In the ’70s, it was seen as a middling Star Wars rip-off, its story of hmans fleeing a deadly robot race nothing more than an excuse for cheap, made-for-TV effects. Now, three decades later, a revamped Battlestar Galactica has been hailed as one of the small screen’s significant accomplishments. With the five-year run of the original series now over and done with, creative team Ronald D. Moore and David Eick are prepping a new franchise that will follow the technology that gave birth to the android threat and the oddly contemporary battle between faiths and cultural diversity that surrounds the science. And from the 90-minute pilot movie for Caprica, it looks like the pair has parlayed their talents into another winner.
When their families are torn apart by a terrorist act, robotics tycoon Daniel Graystone (Eric Stoltz) and Tauron lawyer Joseph Adama (Esai Morales) come together to heal their obvious open wounds. And when the man behind the burgeoning Cylon technology learns that his late genius daughter Zoe (Alessandra Toressani) had devised a way of creating a ‘copy’ of herself via a personality database, he vows to find a means of downloading that information into something more ‘physical.’ Because of his underworld ties with the Tauron mob, Graystone asks Adama for a favor. In exchange for a little corporate espionage, he will promise to bring his child back via the program. At first, Adama acquiesces — not so much for himself as for his young son William (Sina Najafi). But as he confronts his criminal brother Sam (Sasha Roiz) over Graystone’s request, he realizes that man is not meant to play God.
Imagine seeing David Lynch’s pilot episode of Twin Peaks — its playful psycho suburban surrealism, its brilliant characterization and angst-filled ambiance, its open ended mysteries measured out in long, elaborate story arcs. Now imagine having to wait a whole year before the narrative begins its weekly amble toward probable geek grandness. That’s the problem facing fans of Galactica, and this new bid for serious speculative superiority. With the Sci-Fi Channel holding off on bringing Caprica to its schedule until sometime in 2010, this sort-of standalone effort will have to do — and for many, it will make the delay seem all the more miserable. Though it takes a while to get going and offers one too many quasi-theological smackdowns, this is some damn fine dramatic television.

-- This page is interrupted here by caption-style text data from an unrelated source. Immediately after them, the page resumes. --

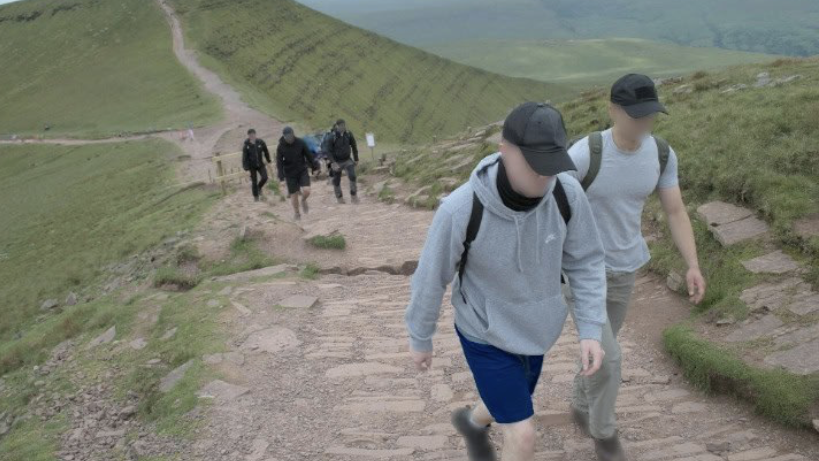 Six Active Club members, wearing sportswear and caps, walk up a stone pavement on the side of a hill, with a green valley stretching out below them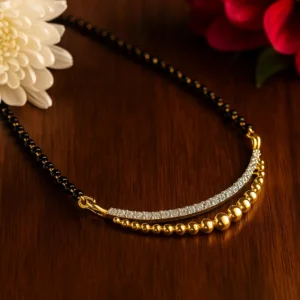Dual row mangalsutra with shimmering diamonds and polished golden beads
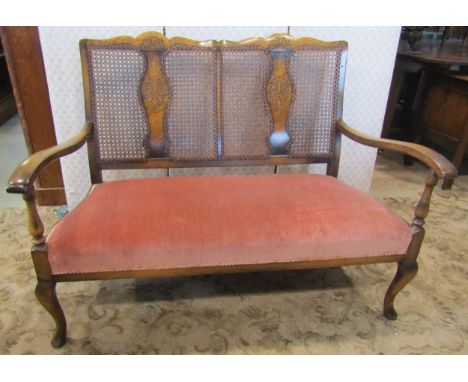 An Edwardian parlour room or bedroom sofa with polished show wood frame, cane panelled back, recently re-upholstered seat on 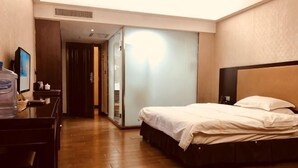 Habitación de hotel con cama, escritorio, dispensador de agua y espejo.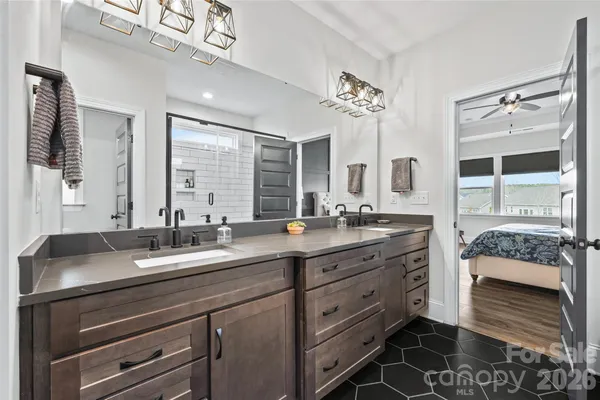 a bathroom with double vanity and a mirror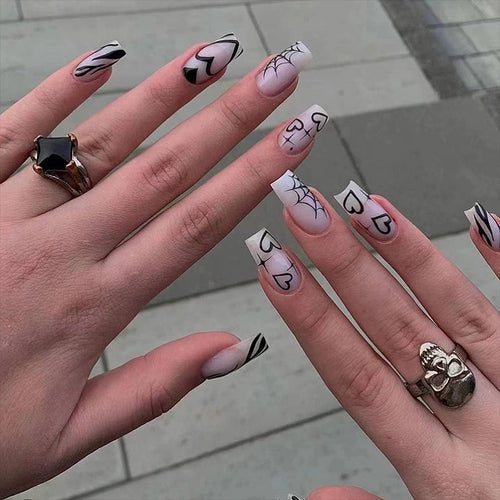 Artificial nails in modern Gothic style Bowlift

Moore and Eick clearly believe in the old school concept of future shock being based in ideas, not overblown space battles. The minor action scenes here center mostly on a RoboCop-like Cylon that’s being ‘programmed’ to function for the planet’s military. As usual, this becomes the subject of some minor debate. In addition, much of the intelligent design centers on a rift between races, and the age-old battle of polytheists vs. far more ‘radical’ monotheists. There are questions of morality, issues of right, wrong, hedonism, and fate bandied about in a script that is light of fluff and heavy on the heady stuff. Luckily, director Jeffrey Reiner sets these conflicts within a recognizable alternative universe, the various found locations accented with CG to turn the familiar a tad more ‘alien.’
With Stoltz and Morales as the linchpins for both sides of the discussion, and the use of religious fundamentalism and terrorism as a way of bringing current audiences into this parallel world, Caprica creates the kind of alternative reality you can get lost in, a recognizable authenticity where the problems of today play out among the updated ideals of tomorrow. Too bad we have to wait so long to see this story continued. Caprica is the kind of entertainment effort that inspires a need for instant gratification.
The DVD includes a commentary track, deleted scenes, and video blog entries.